▸ **Problem requirements**
Return each line exactly, from the one that has "I Myself am" through the end of the entries, both ends included. Pictures do not belong.

[Start of section]

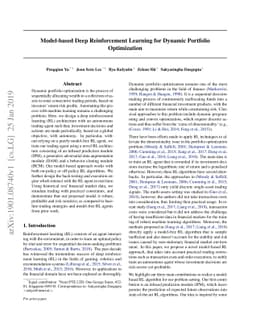 Model-based Deep Reinforcement Learning for Dynamic Portfolio
  Optimization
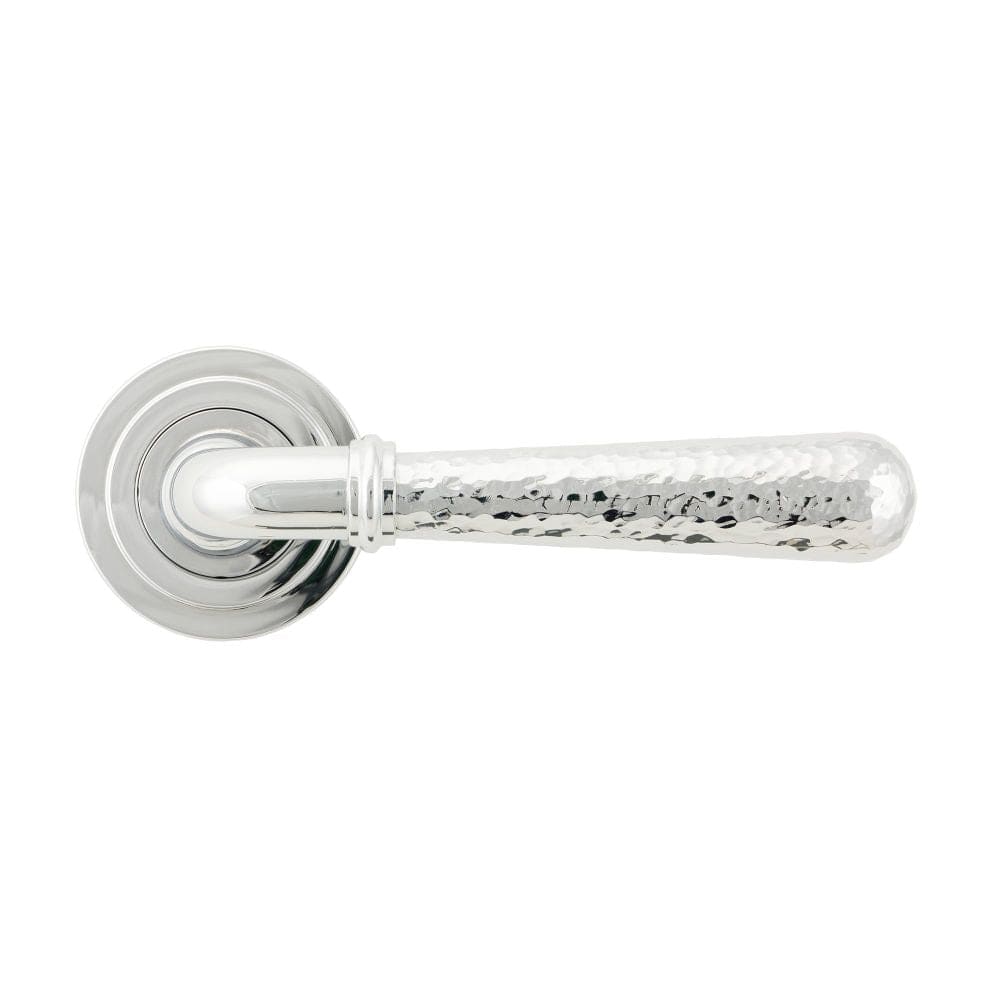 From The Anvil Door Furniture Polished Chrome / Round Rose From The Anvil - Polished Chrome Hammered Newbury Lever on Rose Set (Art Deco)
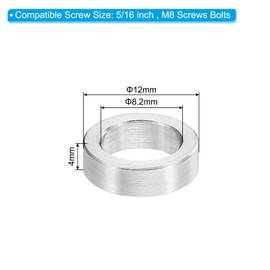 PATIKIL M8 Stainless Steel Spacer 10 Pieces Metal Spacer Stainless Steel 8.2mm ID x 12mm OD x 4mm L Stainless Steel Standoff Screw Stand for 5/16" or M8 Screws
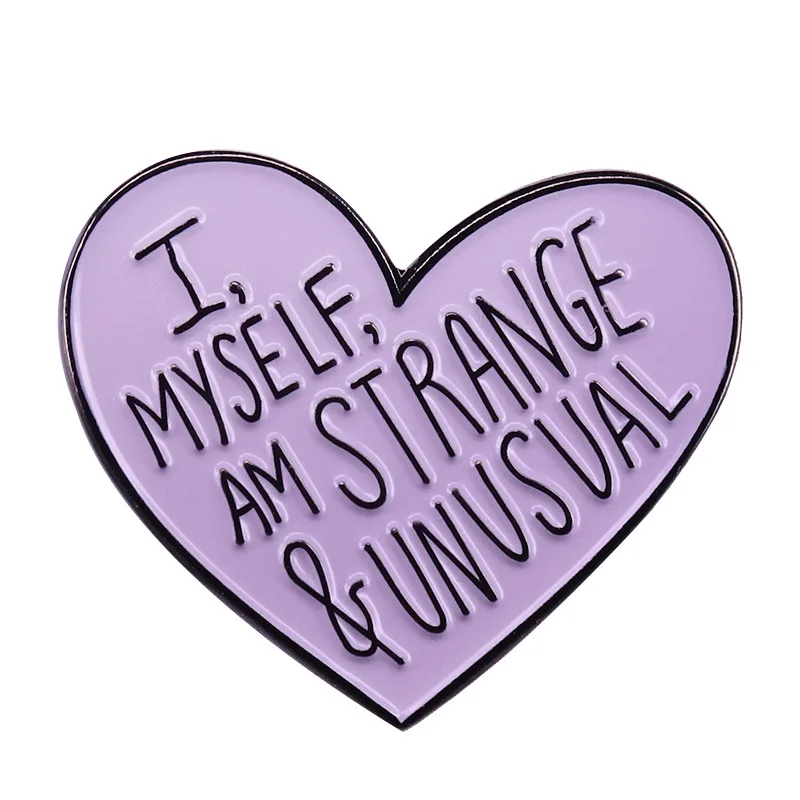 I Myself am Strange & Unusual Enamel Pins Horror Gothic Underworld Arch Mage Heart Brooch Metal Badge Backpack Accessories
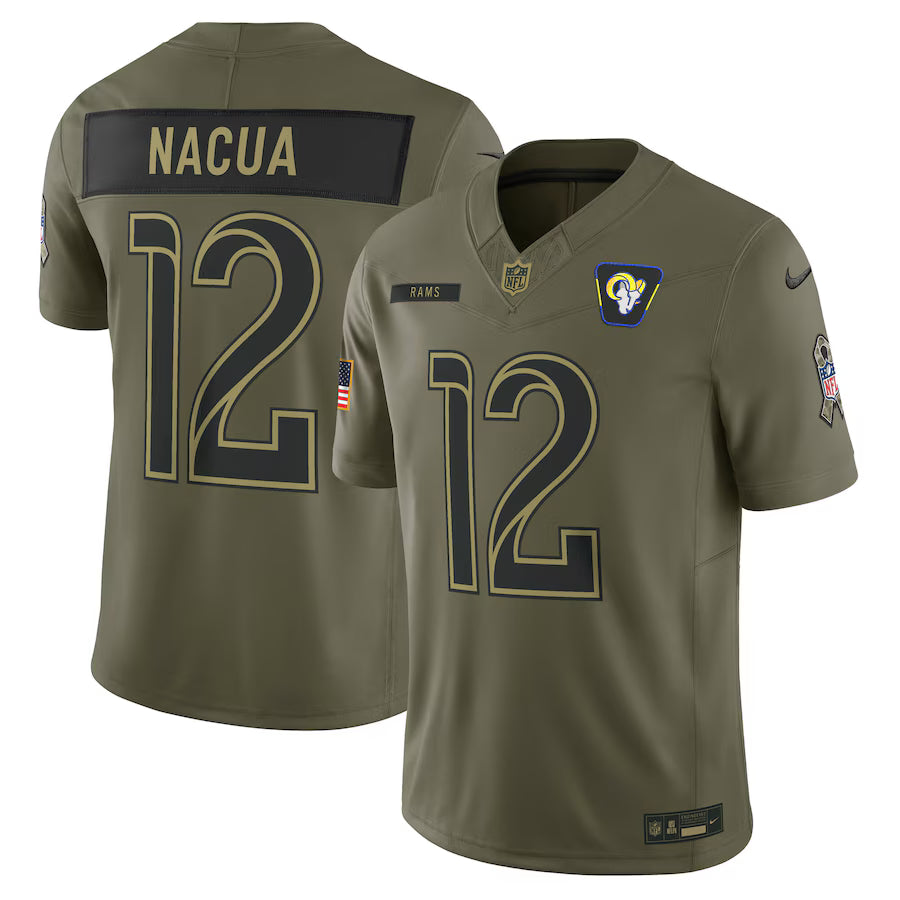 Puka Nacua Los Angeles Rams 2025 Salute to Service Limited Jersey – Olive (USA Stock)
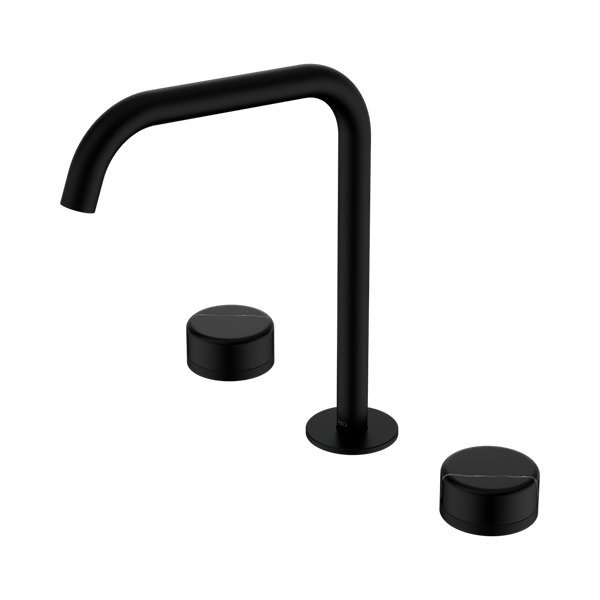 Nero Serenity Bath/Kitchen Set Edge Spout With Marquina Black Handle Matte Black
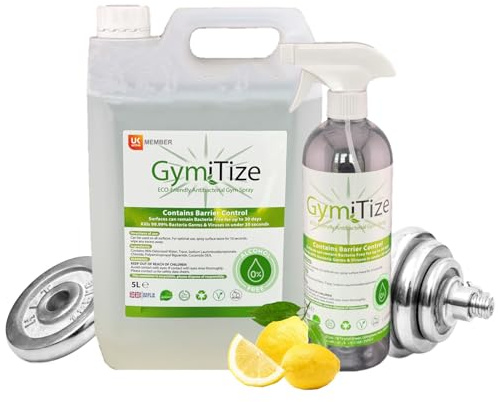 Gym Equipment Cleaning, 5 ltr Tub + Sanitiser Trigger Spray Bottle | GymiTize, Eco Friendly , With Advanced Barrier Technology, (1 x 5 litres, 1 x Spray Bottle)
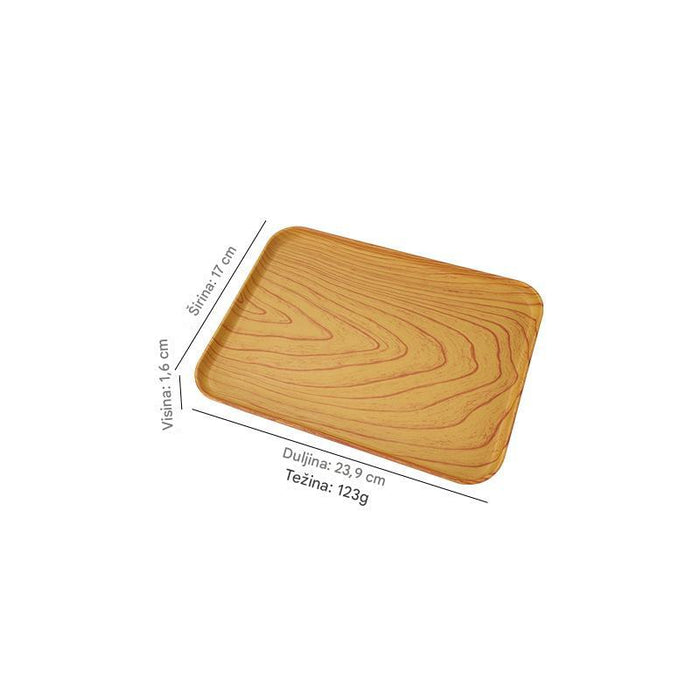 Rectangular Faux Wood Grain Serving Tray for Tea and Snacks in Hotel and Cafe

[End of section]

▸ **Exercise result**
 I Myself am Strange & Unusual Enamel Pins Horror Gothic Underworld Arch Mage Heart Brooch Metal Badge Backpack Accessories
 Puka Nacua Los Angeles Rams 2025 Salute to Service Limited Jersey – Olive (USA Stock)
 Nero Serenity Bath/Kitchen Set Edge Spout With Marquina Black Handle Matte Black
 Gym Equipment Cleaning, 5 ltr Tub + Sanitiser Trigger Spray Bottle | GymiTize, Eco Friendly , With Advanced Barrier Technology, (1 x 5 litres, 1 x Spray Bottle)
 Rectangular Faux Wood Grain Serving Tray for Tea and Snacks in Hotel and Cafe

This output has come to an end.